Q: Inside there is not as much area to burst?
BB: Right, but if you look at the more affective noses in the league, take [Anthony] McFarland as an example, guys that are fast and quick inside are the best noses. The big slow guys that can't run are great on certain plays. The Ted Washington's. No one can move Ted Washington. He is great in the running game. That is why he has been a Pro Bowl player. In terms of being an effective pass rusher, I'm sure McFarland would have a lot more productive in the passing game than Ted would. That is not to say that either one is not a good player, but both can be effective indifferent ways.
Q: Were you happy with the participation in the offseason conditioning program?
BB: Offseason has been real good. It's been the highest it's been in three years just in terms of percentages. We had a handful of players who didn't participate very much in it and then basically everybody else participated all of the time. It was pretty much all or nothing type of thing. We didn't have many guys that made half of the workouts or two thirds of the workouts or that kind of thing. The guys that were here were here all the time. Then there were some guys that weren't here.

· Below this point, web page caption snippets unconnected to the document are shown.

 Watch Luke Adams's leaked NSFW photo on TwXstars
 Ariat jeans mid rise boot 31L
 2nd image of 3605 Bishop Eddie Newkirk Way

Q: Do you have good enough parking spots out there?
BB: Well, that's limited. Again, that's a competitive thing. So, the best guys will get them. No matter how close second place is, it's still going to end up second place.

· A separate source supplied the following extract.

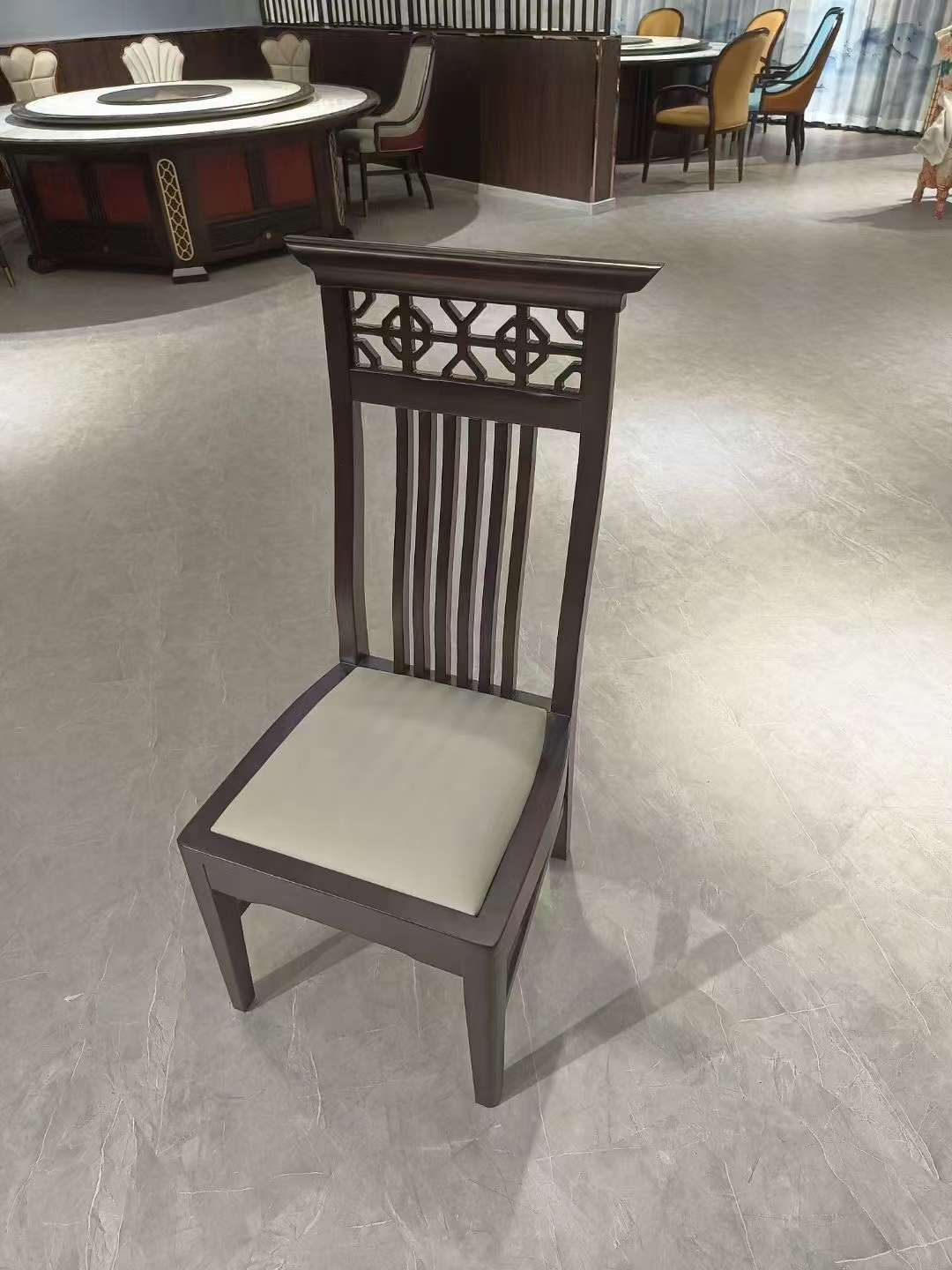 11886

Q: Do you have an idea that Tyrone Poole was not going to be coming in to work out?
BB: Sure. He's worked out in Atlanta previously. That was one of the things we talked about when he came and visited about his offseason training program in Atlanta. That's something that we talk to about every player that we sign. Some guys… it's one thing when you have a player on your team, who in going into the offseason, knows what the expectations are and knows what your program is, so forth and so on. It's another thing when you sign somebody who isn't on your team has sometimes made other commitments or has other engagements in the offseason that he's already kind of down the road on when you are talking to him in March when that free agency comes up. In Colvin's case, he was here for every single thing. In Tyrone's case, he wasn't here and I knew about that ahead of time and I knew that he would train in Atlanta and that's something that we had talked about when he came up here to visit.
Q: Having to learn a new system, and he was going to be asked to do different things, but he wasn't going to be here, that didn't bother you?
BB: We talked about that when he visited here and when we signed him. We knew that. That wasn't after the fact. That was part of it. So we were aware of that.
Q: [Adrian] Klemm finally had healthy season last year. Has he made a bigger jump maybe because of that?
BB: Yes. It definitely helped Adrian to be out there. Last year was the first year that he actually played with any kind of consistency at all. That definitely helped him and I think that Adrian has made solid progress since the beginning of last year even in this offseason. It wasn't a rehab offseason. It was a training offseason. He has improved some of his physical skills and he's getting a lot of reps out there and I hope that he will continue to move in that direction but it's all been real positive for Adrian since, really the beginning of last season in terms of his health and his improvement.